Une génération dans laquelle les artistes apparaissent plus intéressés à l’histoire des désirs et des peurs, personnels et collectifs qu’à celle de l’art. Si elles restent métaphoriques, les œuvres tendent à être des métaphores habitables, si elles restent des provocations, elles sont plus semblables à un jeu - qui implique comme seul le fait un jeu - qu’à des provocations lucides, ironiques et critiques. La génération qui dans les années 90 a repris de penser le moderne et le modernisme comme une hérédité qui perdure, ne se borne pas à en stigmatiser la dérive utopique, mais elle en habite la dystopie réelle ou, pour recourir à un point de vue foucaldien 3, il en explore l’hétérotopie à l’intérieur d’une postmodernité crépitante. En explorant ces territoires physiques et mentaux dans leurs multiples contradictions, cette génération s’efforce d’élaborer non tant un anti-art qu’un art pour temps libérés. 4

Je rapporte ci-après la liste (avec de brèves descriptions que m’ont envoyées les artistes pendant la rédaction de ce texte) des projets présentés (ou présentés à nouveau) à l’occasion de la prochaine exposition de CBMP :

Bulles de confiance“Bulles auto-ventilées dans lesquelles sont diffusées de l’ocytocine, une hormone qui génère chez les individus une modification du comportement en exacerbant artificiellement le degré de confiance”.

Laixomil

“Fontaines en ébullition permanente dont la substance est constituée d’un mélange de lait et de lexomil”.

Tubes épileptiques

“Ensembles de tubes en caoutchouc mobiles suspendus générant une partition lumineuse stroboscopique sur le sol”.

Traumathèque

“Dispositif d’enregistrement et de stockage des traumas par l’intermédiaire de k7 vidéos.
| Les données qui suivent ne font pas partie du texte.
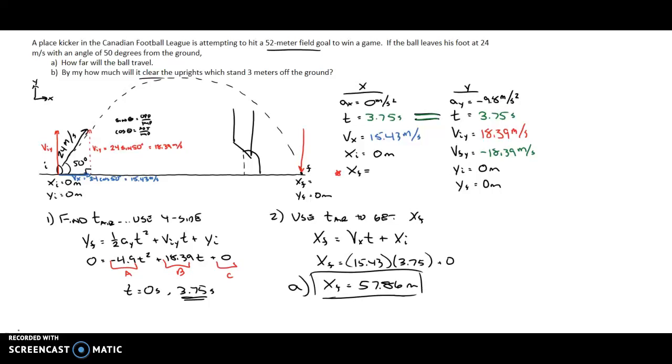Now that we've found the total distance the ball travels, let's address question B. It asks: by how much will it clear the uprights, which stand 3 meters off the ground?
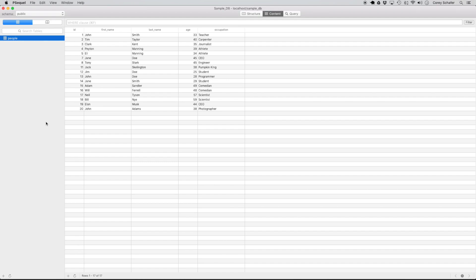Hey everybody, how's it going? In this video, we will be learning how to retrieve data from our database using the SELECT statement.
Ce dispositif propose au spectateur d’expérimenter une technique d’autohypnose consistant à enregistrer le récit d’un traumatisme afin d’en atténuer la charge affective”.

Mi(e)s conception

“Module interne d’habitat dont la construction s’opère par soustraction. L’espace de vie se génère par l’élimination de la matière (à l’origine, ce projet était une réponse à la fameuse Farnworth house de Mies van der Rohe, il existe ici en tant que module autonome)”.

Jardin psychologique

“Jardin d’enfants constitué à partir de deux outils d’interprétation : le test de Rorschach qui prend ici la forme de mobiles suspendus et la création de chaises en matériau de récupération, reconstituée à partir des recherches menées par Ricardo Dalisi à Naples en 1967 avec les enfants des rues”.

Boule d’angoisse

“Dispositif sonore anxiogène”.

Plante à sommeil

“Réseau de conduits dans lesquels circule du somnifère à l’état liquide ; cette plante génère et distribue une dose journalière de sommeil synthétique”.

Papier peint

“Réalisé à partir de dessins extraits du test psychologique dit de l’arbre”.
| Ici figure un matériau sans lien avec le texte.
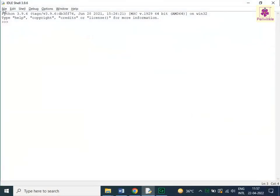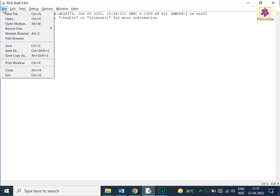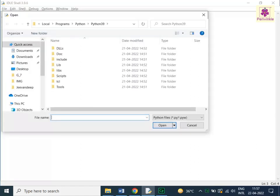To open the Hello World file in the IDLE shell window, click the File menu. Select the Open option. The Open dialog box appears. Now, browse to the required location and select the HelloWorld.py file.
Sans titre (Arbre à désirs “revisité”)

“Dispositif dégageant de la phéromone synthétique. Ce signal d’une odeur que l’on perçoit inconsciemment, provoque l’excitation et suscite le désir sexuel”.

Anesthetic Room

“Propose une expérience physique et mentale permettant à l’utilisateur de mettre son organisme en veille”.

“Un brouillard artificiel occupe de façon aléatoire l’ensemble de l’espace d’exposition ; ce climat artificiel transforme le lieu en paysage domestique mais préfigure aussi un autre projet, celui de nanocapteurs de stress diffusés dans l’espace afin de quantifier le degré de stress présent dans l’espace”.
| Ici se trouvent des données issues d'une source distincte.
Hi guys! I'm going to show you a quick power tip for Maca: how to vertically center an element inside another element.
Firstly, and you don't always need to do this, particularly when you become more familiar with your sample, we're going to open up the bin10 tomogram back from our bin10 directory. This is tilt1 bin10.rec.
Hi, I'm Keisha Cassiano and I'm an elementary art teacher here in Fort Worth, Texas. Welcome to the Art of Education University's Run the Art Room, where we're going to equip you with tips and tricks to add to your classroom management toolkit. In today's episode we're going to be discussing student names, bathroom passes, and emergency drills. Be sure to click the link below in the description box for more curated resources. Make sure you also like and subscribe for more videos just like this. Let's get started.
Il va sans dire qu’à propos de leurs œuvres, CBMP parlent de “projets” plutôt que d’œuvres. En ce sens qu’elles apparaissent plutôt pré-disposées pour quelque chose à venir que fermées sur soi, qu’elles sont vraiment à proprement parler des protocoles à expérimenter “sur sa propre peau” et qu’elles requièrent de ce fait une participation active du sujet qui en profite. Non seulement une participation qui lui donne un rôle actif – par comparaison avec le type d’acquiescement qui est typique du spectateur des produits de l’industrie culturelle de masse – mais plutôt une participation qui littéralement active l’œuvre, c’est-à-dire qui active la fonction du spectateur et qui en fait le sujet co-agent et co-producteur de l’œuvre.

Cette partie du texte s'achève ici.